**Your goal:**
Every line from the line containing "tracy ackley tweet media" through the final line below must be returned exactly, and no other line.

**Stored data:**
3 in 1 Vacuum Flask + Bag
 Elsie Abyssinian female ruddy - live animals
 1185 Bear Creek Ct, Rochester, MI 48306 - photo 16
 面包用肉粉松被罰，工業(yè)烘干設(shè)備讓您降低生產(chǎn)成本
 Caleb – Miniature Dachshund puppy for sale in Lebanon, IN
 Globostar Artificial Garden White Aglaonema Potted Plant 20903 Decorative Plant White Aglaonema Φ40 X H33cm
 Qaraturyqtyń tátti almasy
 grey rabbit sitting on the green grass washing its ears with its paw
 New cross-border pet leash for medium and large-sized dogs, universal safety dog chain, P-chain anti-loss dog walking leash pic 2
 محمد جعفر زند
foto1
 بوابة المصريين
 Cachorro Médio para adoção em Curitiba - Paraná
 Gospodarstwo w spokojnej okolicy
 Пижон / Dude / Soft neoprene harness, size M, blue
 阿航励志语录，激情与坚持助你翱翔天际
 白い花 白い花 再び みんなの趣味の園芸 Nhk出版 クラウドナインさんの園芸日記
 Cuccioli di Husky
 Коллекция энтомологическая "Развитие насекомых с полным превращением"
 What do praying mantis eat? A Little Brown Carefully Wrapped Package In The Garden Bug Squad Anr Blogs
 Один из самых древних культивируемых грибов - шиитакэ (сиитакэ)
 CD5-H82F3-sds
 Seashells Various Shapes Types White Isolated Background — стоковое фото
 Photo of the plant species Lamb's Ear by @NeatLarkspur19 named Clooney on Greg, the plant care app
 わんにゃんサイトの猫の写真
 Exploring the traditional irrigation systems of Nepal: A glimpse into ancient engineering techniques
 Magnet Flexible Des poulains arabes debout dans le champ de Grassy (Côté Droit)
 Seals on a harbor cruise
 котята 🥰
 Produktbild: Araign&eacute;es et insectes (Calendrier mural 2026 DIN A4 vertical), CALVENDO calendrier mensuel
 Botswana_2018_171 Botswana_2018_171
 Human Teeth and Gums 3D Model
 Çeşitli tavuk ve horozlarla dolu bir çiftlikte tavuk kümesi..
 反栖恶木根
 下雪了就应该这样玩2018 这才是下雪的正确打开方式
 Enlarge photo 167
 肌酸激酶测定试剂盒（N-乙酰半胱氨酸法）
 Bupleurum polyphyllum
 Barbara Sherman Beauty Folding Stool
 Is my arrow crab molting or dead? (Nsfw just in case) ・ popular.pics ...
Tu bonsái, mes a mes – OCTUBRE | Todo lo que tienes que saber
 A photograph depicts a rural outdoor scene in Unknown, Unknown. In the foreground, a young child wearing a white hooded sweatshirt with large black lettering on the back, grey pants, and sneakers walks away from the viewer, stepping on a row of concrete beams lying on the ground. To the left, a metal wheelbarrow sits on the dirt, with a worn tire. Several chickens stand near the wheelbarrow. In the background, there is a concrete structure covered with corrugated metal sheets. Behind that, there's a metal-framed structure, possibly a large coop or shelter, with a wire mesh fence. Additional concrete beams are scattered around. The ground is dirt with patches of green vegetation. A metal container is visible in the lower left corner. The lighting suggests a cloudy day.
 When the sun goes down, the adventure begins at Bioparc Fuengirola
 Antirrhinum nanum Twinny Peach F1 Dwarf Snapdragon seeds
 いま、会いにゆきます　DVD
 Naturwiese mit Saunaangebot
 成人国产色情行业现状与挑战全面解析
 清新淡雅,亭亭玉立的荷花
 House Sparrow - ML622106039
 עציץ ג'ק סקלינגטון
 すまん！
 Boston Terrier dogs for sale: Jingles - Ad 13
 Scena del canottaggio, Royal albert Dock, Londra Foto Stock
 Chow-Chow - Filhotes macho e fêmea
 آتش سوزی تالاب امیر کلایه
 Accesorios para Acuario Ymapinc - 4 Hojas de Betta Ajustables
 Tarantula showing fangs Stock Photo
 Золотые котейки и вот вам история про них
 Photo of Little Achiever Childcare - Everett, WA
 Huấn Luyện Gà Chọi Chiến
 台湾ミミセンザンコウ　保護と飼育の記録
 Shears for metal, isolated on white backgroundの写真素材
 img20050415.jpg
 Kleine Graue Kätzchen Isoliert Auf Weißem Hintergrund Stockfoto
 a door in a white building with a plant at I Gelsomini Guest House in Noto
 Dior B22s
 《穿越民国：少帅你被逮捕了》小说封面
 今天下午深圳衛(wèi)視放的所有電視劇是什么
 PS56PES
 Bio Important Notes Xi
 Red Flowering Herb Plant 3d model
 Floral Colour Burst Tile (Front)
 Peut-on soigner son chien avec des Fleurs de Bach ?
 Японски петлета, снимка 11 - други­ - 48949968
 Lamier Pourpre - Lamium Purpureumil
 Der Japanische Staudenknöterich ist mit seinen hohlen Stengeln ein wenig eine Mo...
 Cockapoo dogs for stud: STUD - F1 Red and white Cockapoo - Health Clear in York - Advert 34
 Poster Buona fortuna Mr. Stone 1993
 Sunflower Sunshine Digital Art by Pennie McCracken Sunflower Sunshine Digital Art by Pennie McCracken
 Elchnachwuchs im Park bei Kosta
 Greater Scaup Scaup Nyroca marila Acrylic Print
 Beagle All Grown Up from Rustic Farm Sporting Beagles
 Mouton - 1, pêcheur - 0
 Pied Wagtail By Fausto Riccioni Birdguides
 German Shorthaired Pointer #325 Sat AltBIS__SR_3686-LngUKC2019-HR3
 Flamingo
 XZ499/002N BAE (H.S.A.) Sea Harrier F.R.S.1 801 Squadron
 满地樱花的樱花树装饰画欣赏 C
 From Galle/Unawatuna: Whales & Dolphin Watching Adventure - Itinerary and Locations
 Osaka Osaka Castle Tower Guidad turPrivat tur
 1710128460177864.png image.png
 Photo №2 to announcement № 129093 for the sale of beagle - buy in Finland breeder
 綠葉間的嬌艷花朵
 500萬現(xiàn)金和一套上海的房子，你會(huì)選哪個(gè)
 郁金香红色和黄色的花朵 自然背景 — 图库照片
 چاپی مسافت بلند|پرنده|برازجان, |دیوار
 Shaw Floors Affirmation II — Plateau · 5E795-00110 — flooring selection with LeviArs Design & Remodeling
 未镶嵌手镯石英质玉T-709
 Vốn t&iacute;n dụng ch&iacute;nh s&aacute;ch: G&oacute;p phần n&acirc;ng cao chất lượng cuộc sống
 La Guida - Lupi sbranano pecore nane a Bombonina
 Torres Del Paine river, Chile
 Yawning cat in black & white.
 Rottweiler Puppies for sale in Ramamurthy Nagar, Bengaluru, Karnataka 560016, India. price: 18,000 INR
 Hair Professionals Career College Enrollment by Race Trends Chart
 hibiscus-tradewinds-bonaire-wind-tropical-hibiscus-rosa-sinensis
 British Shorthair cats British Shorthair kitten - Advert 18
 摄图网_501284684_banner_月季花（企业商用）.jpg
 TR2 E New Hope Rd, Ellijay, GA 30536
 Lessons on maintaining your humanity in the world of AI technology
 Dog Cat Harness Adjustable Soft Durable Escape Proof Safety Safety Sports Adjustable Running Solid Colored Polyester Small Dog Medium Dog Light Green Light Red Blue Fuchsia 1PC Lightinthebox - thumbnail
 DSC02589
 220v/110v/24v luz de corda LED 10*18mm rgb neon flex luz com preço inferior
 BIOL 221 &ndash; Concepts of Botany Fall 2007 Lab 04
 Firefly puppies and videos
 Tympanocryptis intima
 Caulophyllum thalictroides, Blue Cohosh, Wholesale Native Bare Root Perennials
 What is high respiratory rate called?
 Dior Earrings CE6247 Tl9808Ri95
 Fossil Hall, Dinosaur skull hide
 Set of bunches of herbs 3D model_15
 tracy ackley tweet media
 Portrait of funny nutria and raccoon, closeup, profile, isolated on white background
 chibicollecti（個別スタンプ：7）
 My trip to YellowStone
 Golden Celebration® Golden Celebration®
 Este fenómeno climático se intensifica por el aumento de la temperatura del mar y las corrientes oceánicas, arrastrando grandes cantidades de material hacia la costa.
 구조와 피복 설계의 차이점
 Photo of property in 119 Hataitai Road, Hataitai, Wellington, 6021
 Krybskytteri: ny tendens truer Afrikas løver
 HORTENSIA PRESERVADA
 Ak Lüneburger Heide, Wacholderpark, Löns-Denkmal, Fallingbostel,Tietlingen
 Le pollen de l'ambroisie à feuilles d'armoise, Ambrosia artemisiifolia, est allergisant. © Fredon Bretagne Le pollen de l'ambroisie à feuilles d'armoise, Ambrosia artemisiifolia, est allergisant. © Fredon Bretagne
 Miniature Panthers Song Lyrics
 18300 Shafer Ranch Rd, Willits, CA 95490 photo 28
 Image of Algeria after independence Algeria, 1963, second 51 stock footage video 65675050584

**Solution to the problem:**
 tracy ackley tweet media
 Portrait of funny nutria and raccoon, closeup, profile, isolated on white background
 chibicollecti（個別スタンプ：7）
 My trip to YellowStone
 Golden Celebration® Golden Celebration®
 Este fenómeno climático se intensifica por el aumento de la temperatura del mar y las corrientes oceánicas, arrastrando grandes cantidades de material hacia la costa.
 구조와 피복 설계의 차이점
 Photo of property in 119 Hataitai Road, Hataitai, Wellington, 6021
 Krybskytteri: ny tendens truer Afrikas løver
 HORTENSIA PRESERVADA
 Ak Lüneburger Heide, Wacholderpark, Löns-Denkmal, Fallingbostel,Tietlingen
 Le pollen de l'ambroisie à feuilles d'armoise, Ambrosia artemisiifolia, est allergisant. © Fredon Bretagne Le pollen de l'ambroisie à feuilles d'armoise, Ambrosia artemisiifolia, est allergisant. © Fredon Bretagne
 Miniature Panthers Song Lyrics
 18300 Shafer Ranch Rd, Willits, CA 95490 photo 28
 Image of Algeria after independence Algeria, 1963, second 51 stock footage video 65675050584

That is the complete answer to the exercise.